Prospects in Maryland

Maryland is among 18 states currently weighing aid-in-dying legislation. The bill is modeled after existing laws across the country and is the same as a measure that failed to make it out of committee a year ago.

Like in other jurisdictions, the bill would require patients to self-ingest medication. Physicians and health-care facilities are not obligated to provide aid-in-dying services.

Similar measures have been considered in Maryland in the past but failed to pass – though they came close. In 2019, the House of Delegates approved an aid-in-dying bill that failed in the Senate on a 23-23 tie vote.

This year, as issues of bodily autonomy gain heightened awareness following the Supreme Court’s decision to overturn Roe v. Wade, Maryland Senate President Bill Ferguson, D-Baltimore City, has indicated a willingness to bring an aid-in-dying bill to a vote.

Governor Wes Moore has also expressed support for bringing the option to Maryland.

“If a bill makes it to my desk with transition with dignity at its core, I will sign it,” Moore said.

Senate Minority Leader Stephen Hershey, R-Kent, Queen Anne’s, Caroline, and Cecil expect most Republicans to oppose such a bill.

“From a perspective of the sanctity of life, a lot of times, it boils down to our religious beliefs on some issues,” Hershey said. “This is certainly one of them.”

Among those who hope the Maryland bill passes is Diane Kraus, a 59-year-old Baltimore native who was diagnosed in May 2021 with metastatic breast cancer and has since been advocating for the right to end her life.

Kraus has undergone four different types of chemotherapy and continues to receive treatment every three weeks.
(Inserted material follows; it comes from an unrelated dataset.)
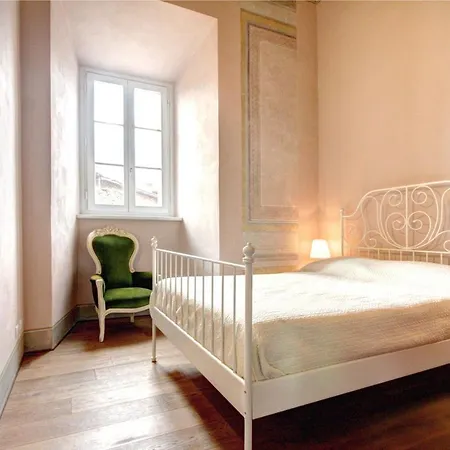 Palazzo Bichi Ruspoli-Historical Home-Very Central Апартаменти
But it’s become increasingly difficult for her to manage her symptoms, which include pain, nausea, confusion, and headaches, among others.

Motivated by her own experiences with a terminal illness and 35 years of working as an occupational therapist in hospice and home health settings, Kraus testified in support of Maryland’s aid-in-dying bill last year.

“I wanted it for me,” Kraus said in an interview with CNS. “I had seen so many people die in pain and so many people have such a poor quality of life at the very end. And they would say, ‘I just want to go home and be with God and be with my relatives.’ … And that just really struck me.”

Kraus was devastated when Maryland’s bill stalled last year and has considered relocating to a state where aid in dying is legal. She hopes that existing laws, like the one in D.C., help sway skeptics in Maryland this legislative term.

“Even people highly opposed…come around to some degree when they see it and have to live with it,” Kraus said.